Reframe your thinking
When you stop drinking, your first inclination might be to feel as though you’re missing out on something or depriving yourself of joy. But instead, reframe your thinking and look at it as a positive experience instead. For me, it helped to think things such as “I get to wake up tomorrow feeling refreshed and clear-headed” or “I get to spend the day without any ‘hangxiety’ or regret”.
Tell your friends
If this is something that’s important to you, then it should be important to your friends too. Tell them the reasons why you’re going sober and ask for their support. Hopefully, this will mean that they won’t put any pressure on you at the pub, or it might even encourage them to try giving up alcohol too – then you can support each other.
Find another outlet
Having a drink was usually my main outlet for unwinding, socialising, and to alleviate boredom. When I stopped, I suddenly had to find other things to do when I was in those same situations.
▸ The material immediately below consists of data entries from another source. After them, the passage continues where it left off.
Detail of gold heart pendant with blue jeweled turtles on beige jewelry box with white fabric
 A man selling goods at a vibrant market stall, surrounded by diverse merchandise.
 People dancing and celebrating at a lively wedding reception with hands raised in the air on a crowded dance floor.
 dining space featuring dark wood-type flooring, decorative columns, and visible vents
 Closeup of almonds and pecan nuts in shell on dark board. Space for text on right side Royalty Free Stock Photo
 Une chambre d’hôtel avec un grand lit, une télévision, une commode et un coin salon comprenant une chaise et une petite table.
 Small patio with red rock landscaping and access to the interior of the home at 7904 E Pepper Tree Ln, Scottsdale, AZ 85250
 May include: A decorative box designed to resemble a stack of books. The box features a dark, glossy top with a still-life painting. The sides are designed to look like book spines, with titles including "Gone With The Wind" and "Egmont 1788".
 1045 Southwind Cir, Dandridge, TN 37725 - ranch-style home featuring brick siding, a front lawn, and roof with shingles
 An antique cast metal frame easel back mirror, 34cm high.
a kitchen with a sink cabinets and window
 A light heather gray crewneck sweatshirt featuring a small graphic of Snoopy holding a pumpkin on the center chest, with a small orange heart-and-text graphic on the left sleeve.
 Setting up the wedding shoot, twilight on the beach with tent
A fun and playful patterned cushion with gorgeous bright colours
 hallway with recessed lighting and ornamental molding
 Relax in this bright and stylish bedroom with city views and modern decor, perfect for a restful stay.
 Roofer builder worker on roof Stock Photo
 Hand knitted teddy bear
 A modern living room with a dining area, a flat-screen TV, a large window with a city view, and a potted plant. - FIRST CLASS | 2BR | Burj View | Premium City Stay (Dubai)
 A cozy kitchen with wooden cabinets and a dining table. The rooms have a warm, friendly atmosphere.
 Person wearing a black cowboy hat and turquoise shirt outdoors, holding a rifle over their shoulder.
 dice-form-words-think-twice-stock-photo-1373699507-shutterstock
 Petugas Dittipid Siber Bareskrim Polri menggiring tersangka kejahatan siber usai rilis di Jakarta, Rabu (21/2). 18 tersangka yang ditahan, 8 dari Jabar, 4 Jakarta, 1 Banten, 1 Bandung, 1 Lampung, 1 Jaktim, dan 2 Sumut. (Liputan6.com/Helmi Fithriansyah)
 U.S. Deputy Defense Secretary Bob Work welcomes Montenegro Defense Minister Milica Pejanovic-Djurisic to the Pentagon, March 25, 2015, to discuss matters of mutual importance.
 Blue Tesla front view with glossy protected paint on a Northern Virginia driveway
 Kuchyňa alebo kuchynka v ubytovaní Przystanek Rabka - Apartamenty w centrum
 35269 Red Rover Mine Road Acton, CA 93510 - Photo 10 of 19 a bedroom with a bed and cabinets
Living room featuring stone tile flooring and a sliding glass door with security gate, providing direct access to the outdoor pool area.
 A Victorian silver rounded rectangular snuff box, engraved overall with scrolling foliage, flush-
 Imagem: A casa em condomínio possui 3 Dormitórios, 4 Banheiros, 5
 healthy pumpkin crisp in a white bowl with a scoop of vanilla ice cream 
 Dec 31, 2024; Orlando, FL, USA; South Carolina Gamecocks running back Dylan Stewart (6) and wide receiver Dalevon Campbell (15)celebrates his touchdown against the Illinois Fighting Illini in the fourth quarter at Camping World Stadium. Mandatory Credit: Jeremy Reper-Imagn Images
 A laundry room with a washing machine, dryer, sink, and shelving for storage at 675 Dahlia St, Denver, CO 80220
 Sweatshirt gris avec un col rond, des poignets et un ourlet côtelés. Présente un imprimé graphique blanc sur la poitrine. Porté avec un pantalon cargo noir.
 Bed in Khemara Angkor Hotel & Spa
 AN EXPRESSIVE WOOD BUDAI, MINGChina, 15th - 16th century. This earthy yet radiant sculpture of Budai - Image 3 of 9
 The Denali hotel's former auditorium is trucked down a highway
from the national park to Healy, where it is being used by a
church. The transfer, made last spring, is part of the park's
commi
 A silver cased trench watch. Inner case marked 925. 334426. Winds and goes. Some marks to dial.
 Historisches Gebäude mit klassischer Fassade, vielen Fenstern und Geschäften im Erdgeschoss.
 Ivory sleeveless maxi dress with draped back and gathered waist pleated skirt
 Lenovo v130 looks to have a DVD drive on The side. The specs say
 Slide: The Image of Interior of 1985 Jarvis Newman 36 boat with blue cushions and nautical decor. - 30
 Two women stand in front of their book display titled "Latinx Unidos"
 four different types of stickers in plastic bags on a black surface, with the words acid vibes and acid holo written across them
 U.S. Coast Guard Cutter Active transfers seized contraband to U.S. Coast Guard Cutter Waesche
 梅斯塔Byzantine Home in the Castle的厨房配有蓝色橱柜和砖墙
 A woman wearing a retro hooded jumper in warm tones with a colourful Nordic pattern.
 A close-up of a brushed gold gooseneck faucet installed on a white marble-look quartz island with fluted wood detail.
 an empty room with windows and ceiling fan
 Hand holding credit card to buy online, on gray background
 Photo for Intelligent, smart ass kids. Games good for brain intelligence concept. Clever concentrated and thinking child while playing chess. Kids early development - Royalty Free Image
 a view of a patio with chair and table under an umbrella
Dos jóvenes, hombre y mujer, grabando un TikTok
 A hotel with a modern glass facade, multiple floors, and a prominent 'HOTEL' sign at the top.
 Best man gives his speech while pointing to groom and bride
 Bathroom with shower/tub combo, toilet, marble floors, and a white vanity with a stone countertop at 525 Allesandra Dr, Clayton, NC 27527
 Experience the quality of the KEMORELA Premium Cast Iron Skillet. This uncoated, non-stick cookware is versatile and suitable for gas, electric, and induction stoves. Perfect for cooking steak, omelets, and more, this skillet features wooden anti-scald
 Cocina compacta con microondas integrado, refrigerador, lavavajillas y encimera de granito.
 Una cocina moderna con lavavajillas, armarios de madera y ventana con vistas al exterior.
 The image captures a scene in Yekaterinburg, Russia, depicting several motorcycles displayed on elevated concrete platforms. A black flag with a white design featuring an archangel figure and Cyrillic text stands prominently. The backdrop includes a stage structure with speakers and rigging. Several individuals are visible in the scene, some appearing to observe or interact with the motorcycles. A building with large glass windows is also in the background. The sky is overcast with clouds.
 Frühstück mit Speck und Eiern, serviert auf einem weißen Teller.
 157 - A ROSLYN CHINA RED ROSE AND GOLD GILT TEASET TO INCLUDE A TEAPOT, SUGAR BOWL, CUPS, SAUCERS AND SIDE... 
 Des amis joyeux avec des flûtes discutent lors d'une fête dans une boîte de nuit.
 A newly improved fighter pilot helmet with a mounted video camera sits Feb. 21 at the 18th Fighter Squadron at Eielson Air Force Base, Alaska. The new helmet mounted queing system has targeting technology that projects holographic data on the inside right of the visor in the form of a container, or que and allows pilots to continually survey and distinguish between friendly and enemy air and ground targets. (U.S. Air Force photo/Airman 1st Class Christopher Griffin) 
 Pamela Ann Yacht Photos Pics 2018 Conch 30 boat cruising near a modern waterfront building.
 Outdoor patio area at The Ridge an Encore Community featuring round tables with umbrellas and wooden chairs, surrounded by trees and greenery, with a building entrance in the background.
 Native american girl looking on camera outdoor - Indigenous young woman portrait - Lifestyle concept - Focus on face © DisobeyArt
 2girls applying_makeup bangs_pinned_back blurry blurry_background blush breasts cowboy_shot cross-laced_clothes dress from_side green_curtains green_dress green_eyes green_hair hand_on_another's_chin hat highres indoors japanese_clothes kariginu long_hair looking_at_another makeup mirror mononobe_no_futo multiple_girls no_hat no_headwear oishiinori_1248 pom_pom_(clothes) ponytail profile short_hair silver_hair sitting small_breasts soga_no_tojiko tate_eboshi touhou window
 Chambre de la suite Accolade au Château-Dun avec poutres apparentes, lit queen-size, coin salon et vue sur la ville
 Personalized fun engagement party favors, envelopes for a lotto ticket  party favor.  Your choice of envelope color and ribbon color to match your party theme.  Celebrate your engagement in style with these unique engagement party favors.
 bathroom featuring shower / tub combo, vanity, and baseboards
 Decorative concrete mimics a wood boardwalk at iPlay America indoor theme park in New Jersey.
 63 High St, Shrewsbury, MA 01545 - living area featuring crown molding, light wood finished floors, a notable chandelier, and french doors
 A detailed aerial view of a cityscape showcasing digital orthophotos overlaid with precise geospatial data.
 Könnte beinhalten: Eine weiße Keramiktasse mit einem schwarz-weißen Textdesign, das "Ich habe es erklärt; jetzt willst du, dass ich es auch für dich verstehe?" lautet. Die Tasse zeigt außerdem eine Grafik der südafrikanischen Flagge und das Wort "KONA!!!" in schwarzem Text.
Finding a new activity to fill the time normally spent drinking is important, because if you have no other options, you’re likely to fall back into old habits.
Instead, going for a run, practicing yoga and watching mindless TV has helped me to unwind. Throwing on a podcast has also helped to alleviate boredom, while going for walks with friends has been a great way to do something social that doesn’t revolve around alcohol.
Whatever your reasons are for considering time off drinking alcohol, there’s no doubt that even a short break can do you good. If it ever feels tough, just remember that you’re doing something truly positive for your mind, body, and wallet. And, as ever, be gentle with yourself.